RAW DATA:
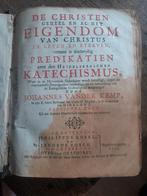 Catechismus verklaring van Johannes van der Kemp uit 1750., Antiek en Kunst, Ophalen of Verzenden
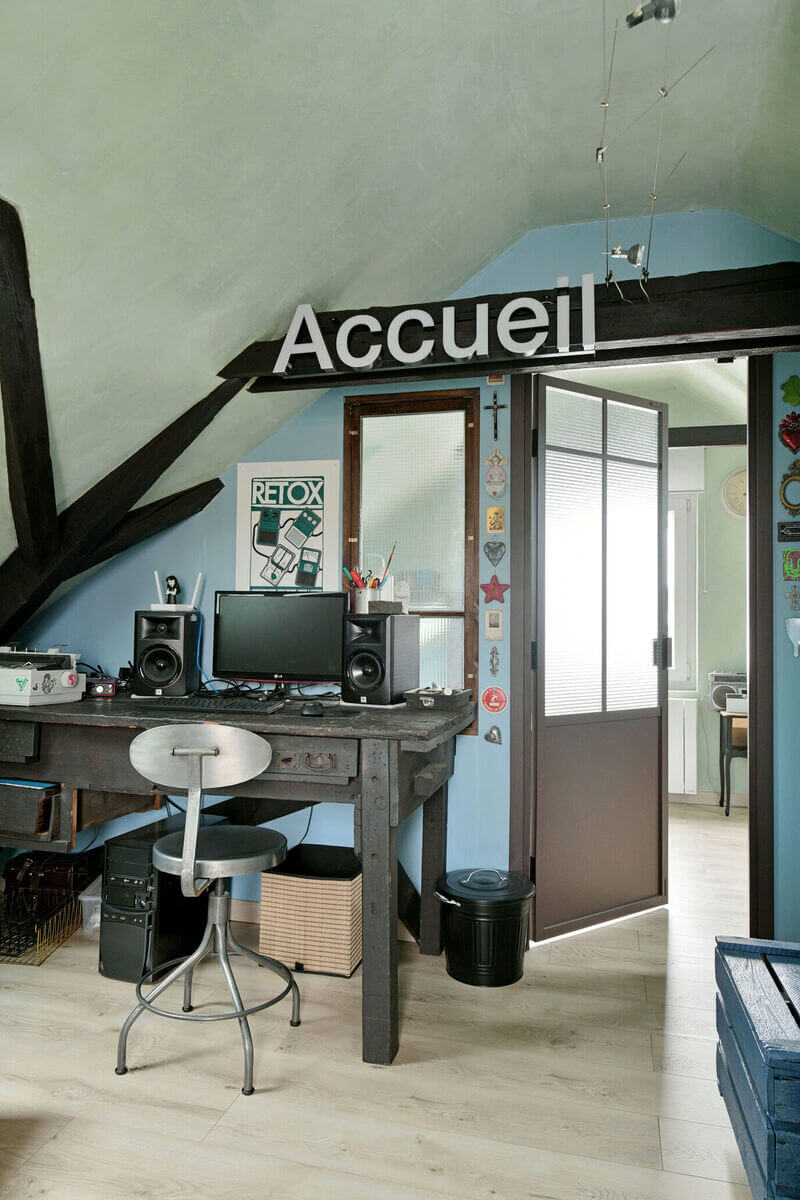 atelier privé de tattoo salle d'accueil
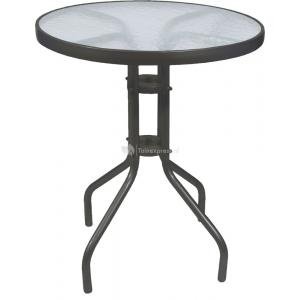 Terrastafel met glasplaat ⌀ 60 cm antraciet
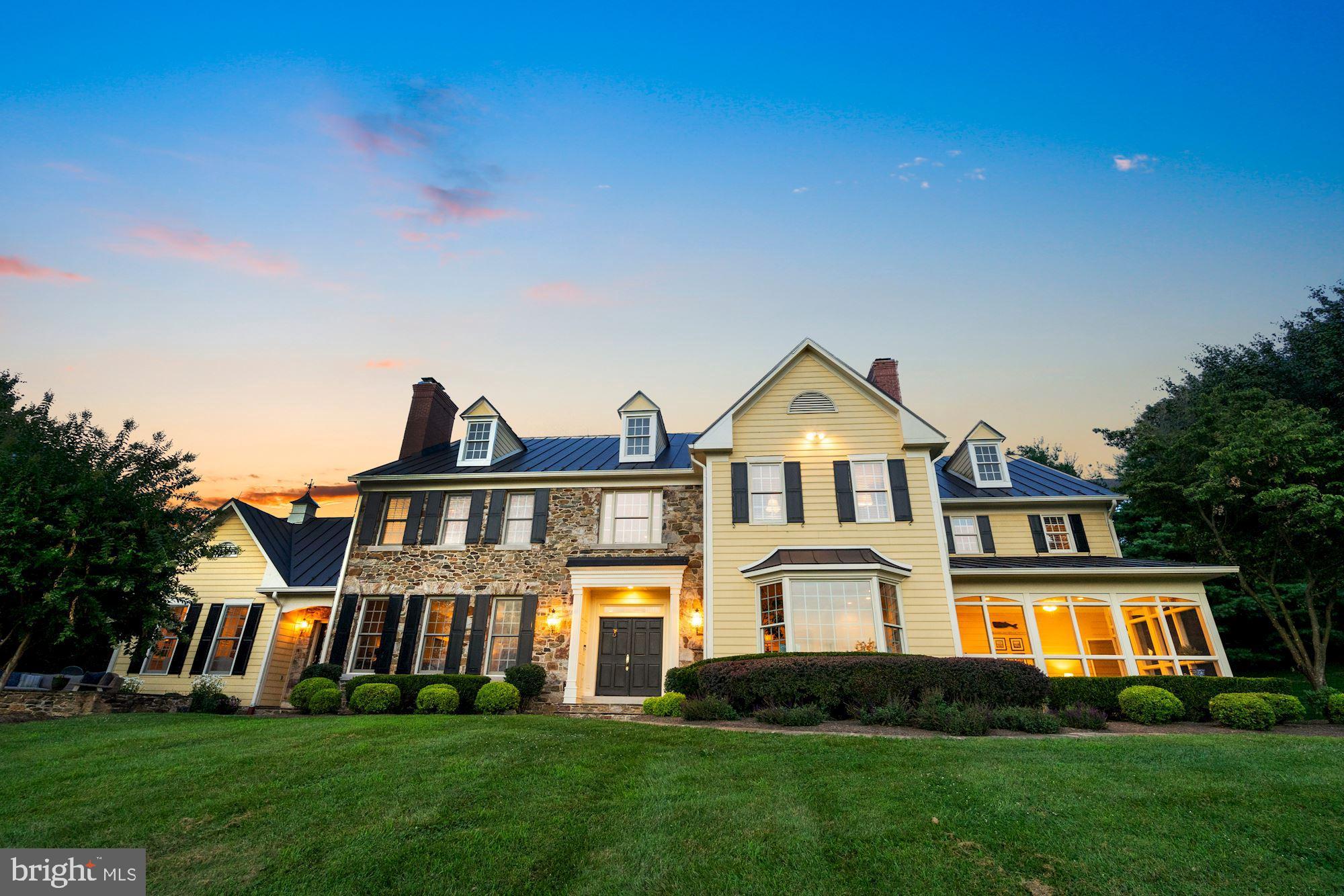 15140 Loyalty Road Waterford, VA 20197 - Photo 44 of 60 a front view of a house with a yard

INSTRUCTIONS FOR THE TASK:
All of the material above should be reproduced exactly, except the pictures.

SOLVED PROBLEM:
 Catechismus verklaring van Johannes van der Kemp uit 1750., Antiek en Kunst, Ophalen of Verzenden
 atelier privé de tattoo salle d'accueil
 Terrastafel met glasplaat ⌀ 60 cm antraciet
 15140 Loyalty Road Waterford, VA 20197 - Photo 44 of 60 a front view of a house with a yard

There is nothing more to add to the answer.